Stored dataset items:

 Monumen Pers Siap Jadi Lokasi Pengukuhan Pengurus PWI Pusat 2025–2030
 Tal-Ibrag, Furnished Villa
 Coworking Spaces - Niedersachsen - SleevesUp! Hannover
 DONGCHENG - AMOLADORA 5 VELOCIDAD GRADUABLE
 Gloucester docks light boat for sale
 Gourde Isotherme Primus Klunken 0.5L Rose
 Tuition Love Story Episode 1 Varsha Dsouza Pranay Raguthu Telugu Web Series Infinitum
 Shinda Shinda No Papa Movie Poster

--

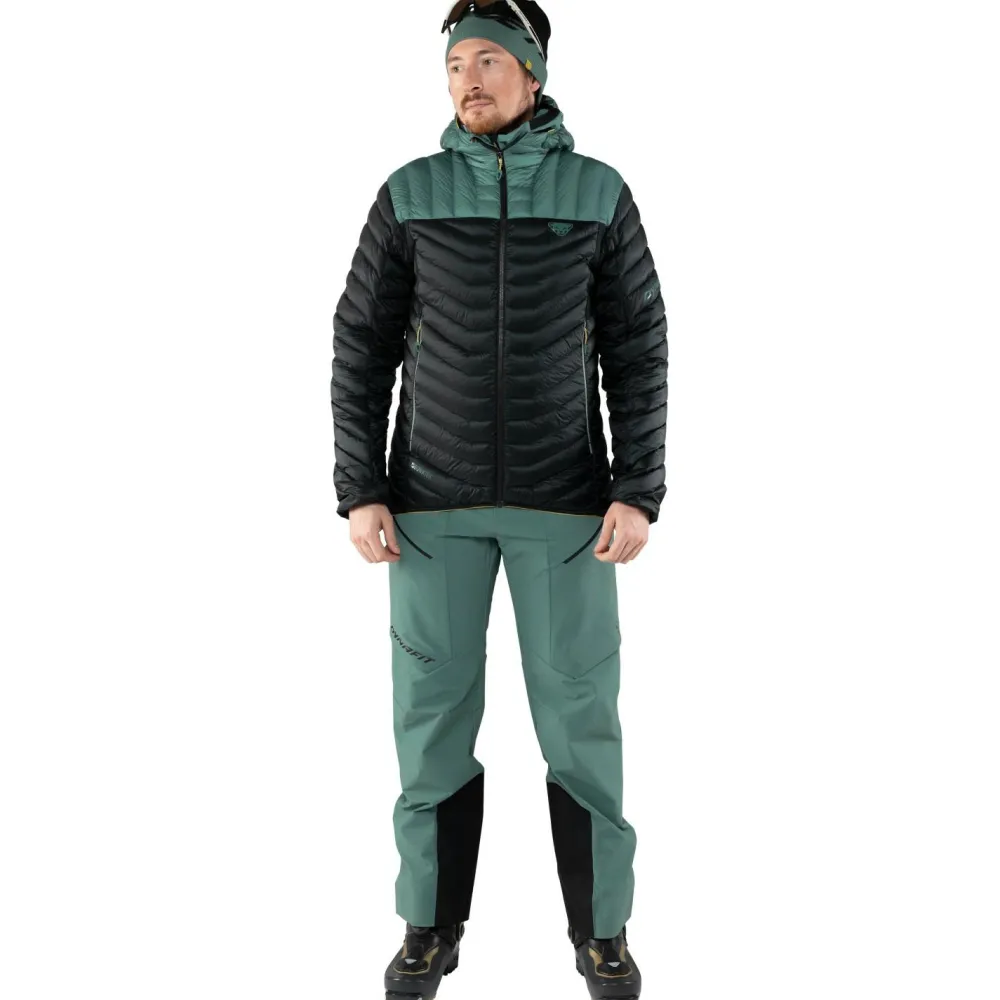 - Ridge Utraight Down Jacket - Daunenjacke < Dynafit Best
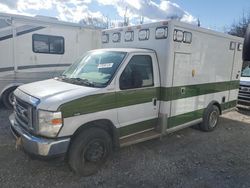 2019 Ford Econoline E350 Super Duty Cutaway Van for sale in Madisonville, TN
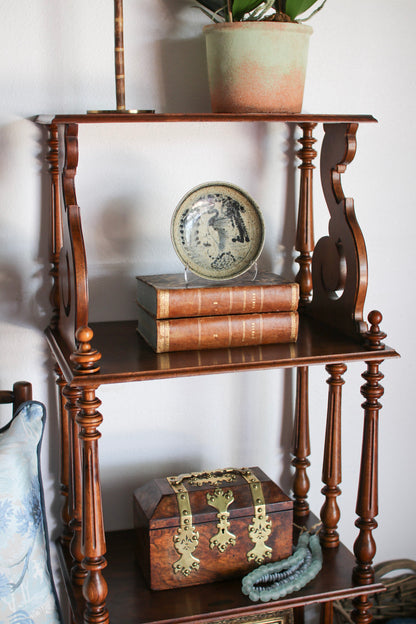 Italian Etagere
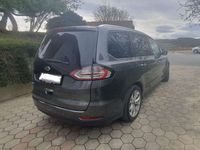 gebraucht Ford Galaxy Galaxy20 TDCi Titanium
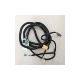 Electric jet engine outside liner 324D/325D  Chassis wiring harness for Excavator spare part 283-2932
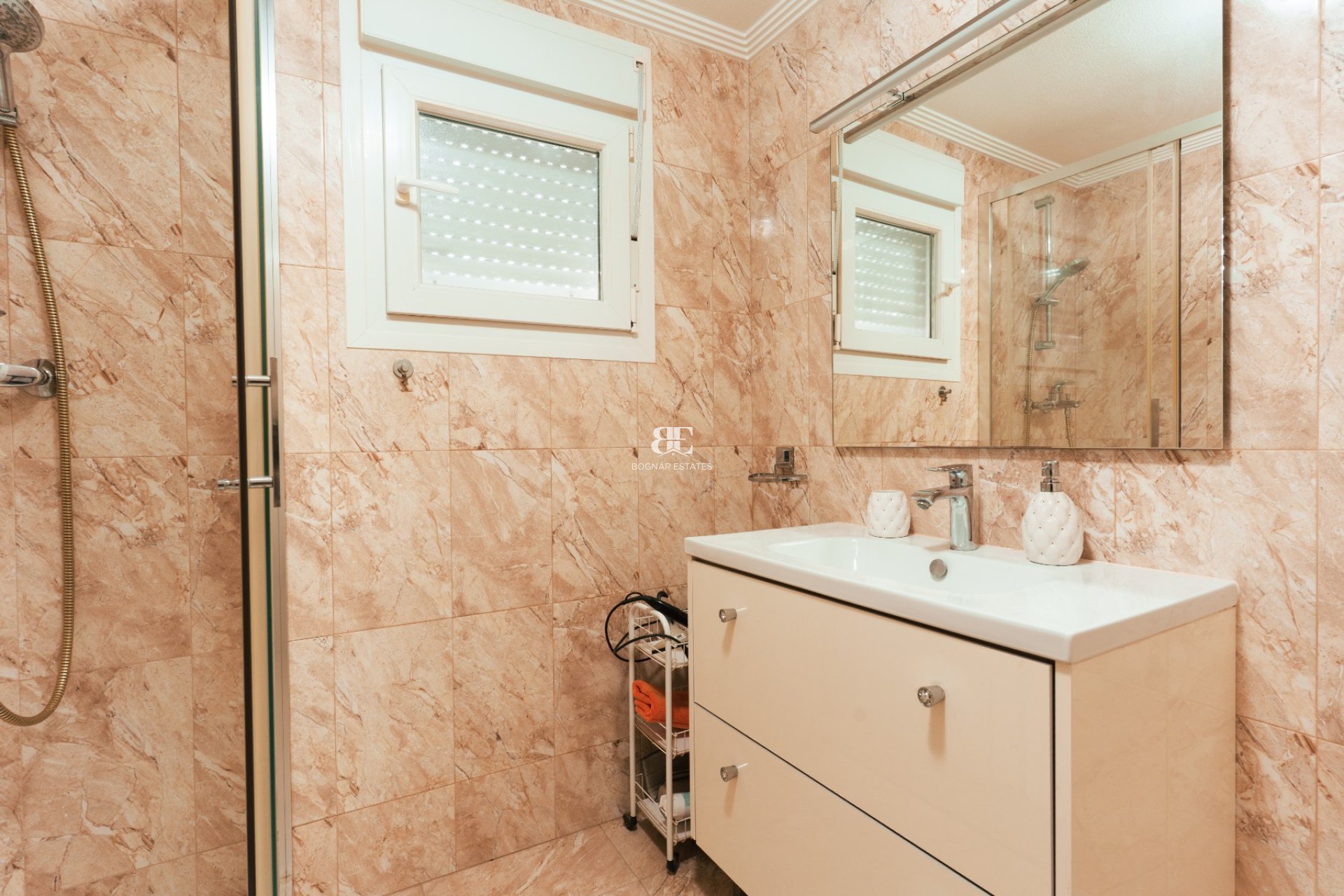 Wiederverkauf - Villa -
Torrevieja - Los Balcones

### TASK INSTRUCTIONS:
Pictures aside, print exactly the lines above starting with the one containing "- Ridge Utraight" and going on through the one containing "Torrevieja - Los Balcones".

### ANSWER BOX:
 - Ridge Utraight Down Jacket - Daunenjacke < Dynafit Best
 2019 Ford Econoline E350 Super Duty Cutaway Van for sale in Madisonville, TN
 Italian Etagere
 gebraucht Ford Galaxy Galaxy20 TDCi Titanium
 Electric jet engine outside liner 324D/325D  Chassis wiring harness for Excavator spare part 283-2932
 Wiederverkauf - Villa -
Torrevieja - Los Balcones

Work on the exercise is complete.